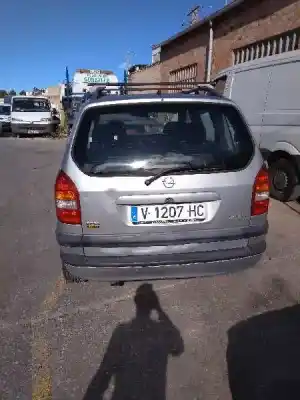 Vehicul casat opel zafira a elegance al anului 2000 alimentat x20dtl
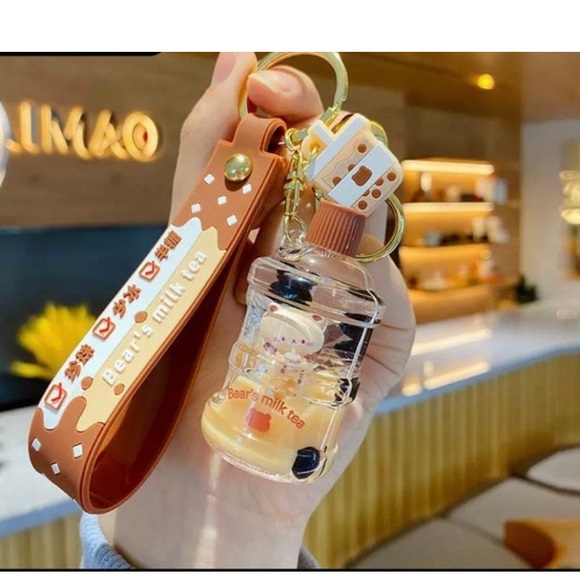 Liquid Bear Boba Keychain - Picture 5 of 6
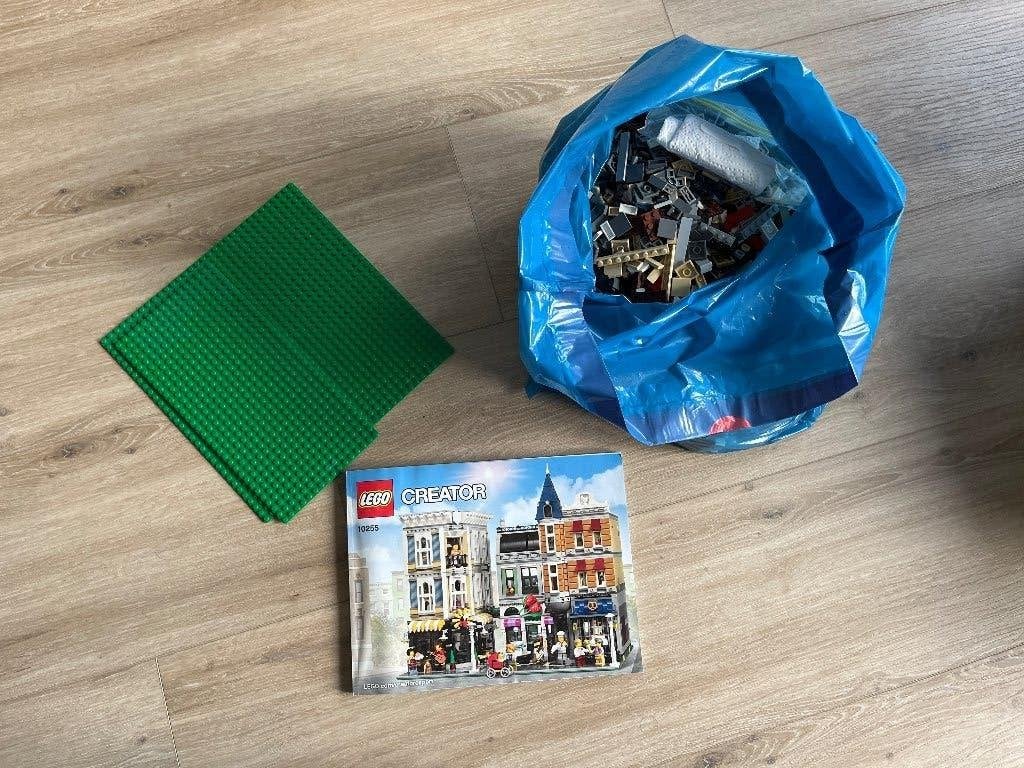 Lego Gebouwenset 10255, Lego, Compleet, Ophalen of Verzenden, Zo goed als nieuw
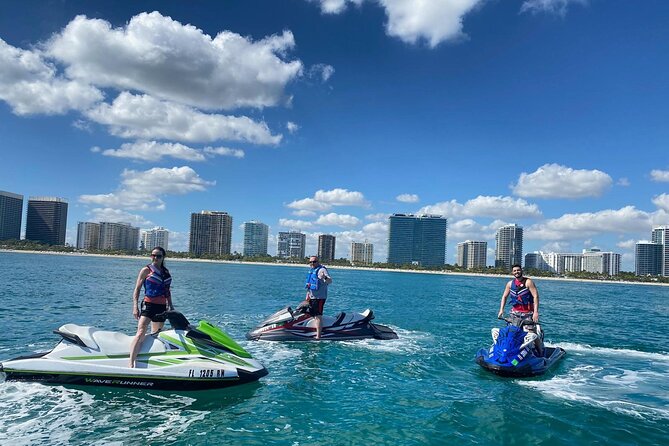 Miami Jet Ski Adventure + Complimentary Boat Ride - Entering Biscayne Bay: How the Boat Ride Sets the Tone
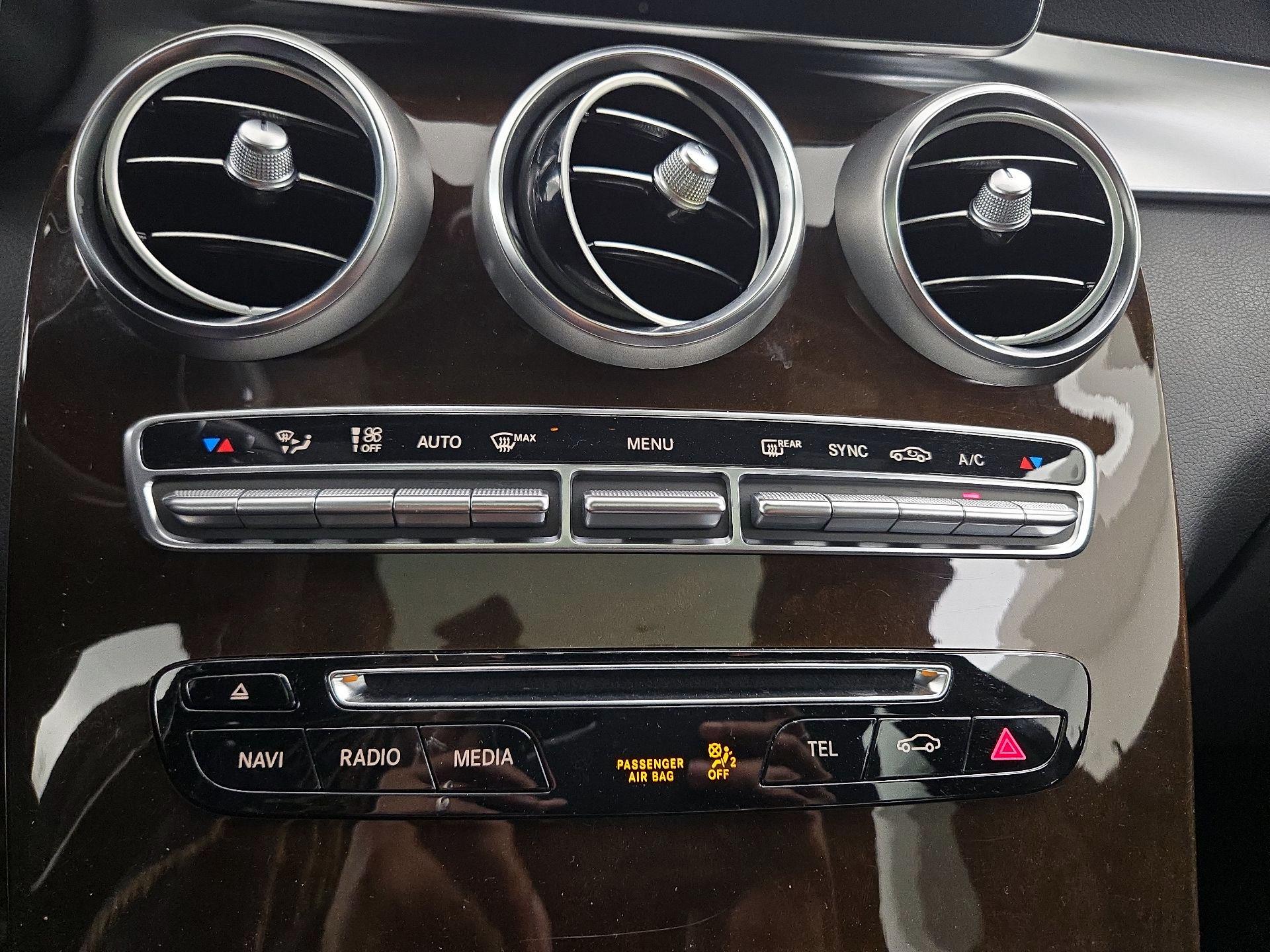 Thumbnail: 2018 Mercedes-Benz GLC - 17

--

● **What the task requires**
Starting with the line that holds "Liquid Bear Boba Keychain - Picture 5 of 6", copy every line exactly through the final line of the material, but skip the pictures.

● **Your solution**
 Liquid Bear Boba Keychain - Picture 5 of 6
 Lego Gebouwenset 10255, Lego, Compleet, Ophalen of Verzenden, Zo goed als nieuw
 Miami Jet Ski Adventure + Complimentary Boat Ride - Entering Biscayne Bay: How the Boat Ride Sets the Tone
 Thumbnail: 2018 Mercedes-Benz GLC - 17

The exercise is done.